Minicontos Modernos (1)
Um dos hábitos de sua infância era deitar na varanda e ficar observando as figuras que as nuvens formavam. Na vida adulta nunca mais fizera isso. Agora, olhando o céu de outono, salpicado de algodão sob um fundo azul celeste, se perguntou se sua imaginação seria capaz de vislumbrar tantas imagens como nos tempos juvenis. Girou a visão por todo o céu a partir de sua ampla janela da sala. Parou em um ponto em que as nuvens eram mais espessas, lembrava-se que aquelas eram as ideais, as tais Cumulonimbus. O tempo passou e nada. Começou a achar que um dos preços a pagar por conta do passar do tempo era a derrocada da criatividade visual, da fantasia. Não se deu por vencido. O Notebook estava ali perto. Digitou no Google: "ver imagens em nuvens". Retorno da IA: "O fenômeno de ver imagens em nuvens, ou em qualquer outro estímulo aleatório, é conhecido como pareidolia. É uma tendência natural do cérebro humano de procurar e reconhecer padrões significativos em estímulos visuais ambíguos, como nuvens, manchas ou objetos inanimados". Ok.

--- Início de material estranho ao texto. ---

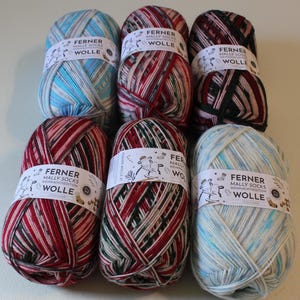 May include: Six balls of yarn in various colors, including red, green, blue, and white. Each ball has a label that reads "Ferner Mally Socks Weihnachts Edition Wolle".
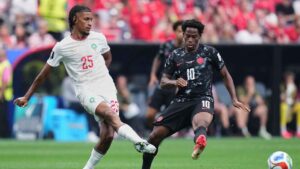Morocco's Redouane Halhal, left, and Canada's Jonathan David, fight for the ball during the World Cup round of 16 soccer match between Canada and Morocco, in Houston. (Karen Warren/AP)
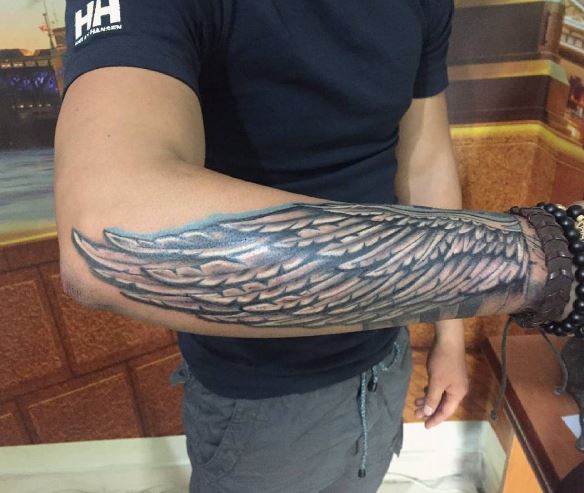 50 Incredible Wing Tattoos Ideas and Designs (2018) - Wing+tattoo+on+arm+1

Retornou para janela e fez mais uma tentativa. Desta vez algo começou a tomar forma nos lentos movimentos. Era uma animal. Esperou. Esperou. Começou a ficar mais nítido. Um rosto largo com uma grande juba. Era um leão! Claramente. Seus olhos marejaram. Lembrou-se do nome adotado pelo novo Papa, Leão XIV. Seria uma mensagem sublime de amor e esperança vinda dos céus? Percebeu que ao lado, algumas nuvens menores pareciam se entrelaçar formando também um conjunto de figuras que pareciam números em algarismos romanos. Então poderia ser mesmo algo relacionado ao Sumo Pontífice! No entanto o número que parecia se formar não era XIV e sim XXV. Como assim 25 e não 14? O que há por trás deste código? Dá uma olhada no seu relógio Casio G-Shock (ele ainda usava Casio) e se dá conta que é 30 maio. Então tudo ficou bem claro. Era sim uma mensagem. Mas não a que ele desejava. Não do Papa. O prazo final da declaração do Imposto de Renda é hoje e ele ainda não havia feito nada. Sabia que ia ter de pagar e estava procrastinando. Sua revolta era o fato de pagar uma quantia alta todo mês, descontado direto no contracheque (27,5%), e agora, no fechamento, ter de pagar ainda mais. Olha outra vez para o céu e lá está o Leão da Receita Federal olhando para ele. Na frente, o fatídico XXV e, em nuvens menores, XXIV. 2025, ano base 2024.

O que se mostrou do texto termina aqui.